**Collected data**
####################

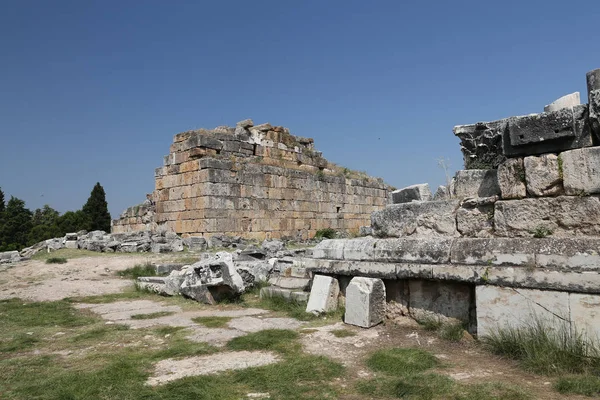 Ruïnes in de oude stad van Hiërapolis, Turkije — Stockfoto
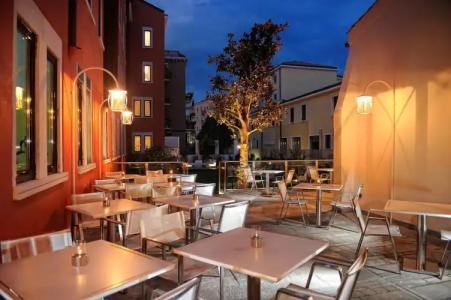 Carnival Palace - Venice Collection - 24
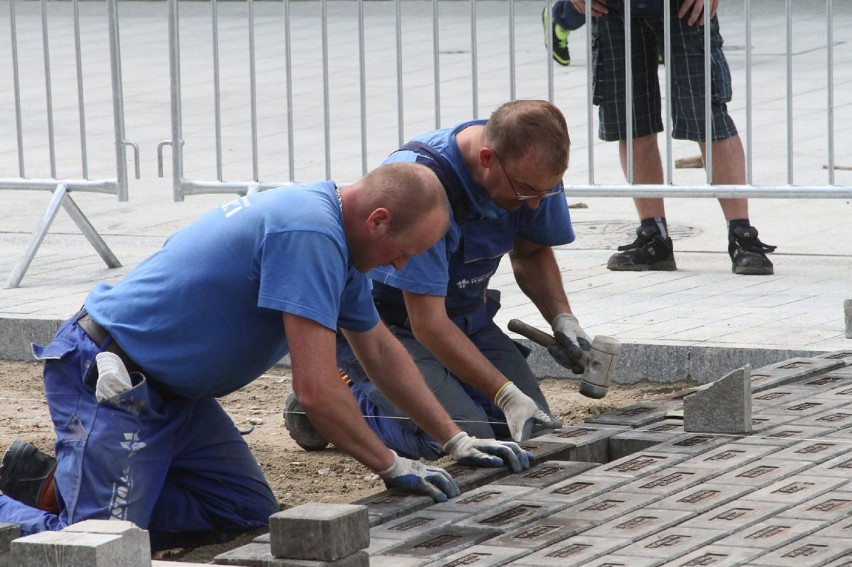 Remont Piotrkowskiej w Łodzi. Zobacz jak powstaje Pomnik Łodzian [ZDJĘCIA]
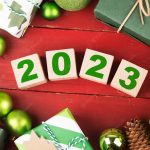 feliz-ano-novo-2023-natal-2023-presentes-de-natal-colocados-em-uma-atmosfera-festiva_1205-12084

####################

**Prompt**
Everything in the material except the pictures should be output verbatim.

**Your response**
 Ruïnes in de oude stad van Hiërapolis, Turkije — Stockfoto
 Carnival Palace - Venice Collection - 24
 Remont Piotrkowskiej w Łodzi. Zobacz jak powstaje Pomnik Łodzian [ZDJĘCIA]
 feliz-ano-novo-2023-natal-2023-presentes-de-natal-colocados-em-uma-atmosfera-festiva_1205-12084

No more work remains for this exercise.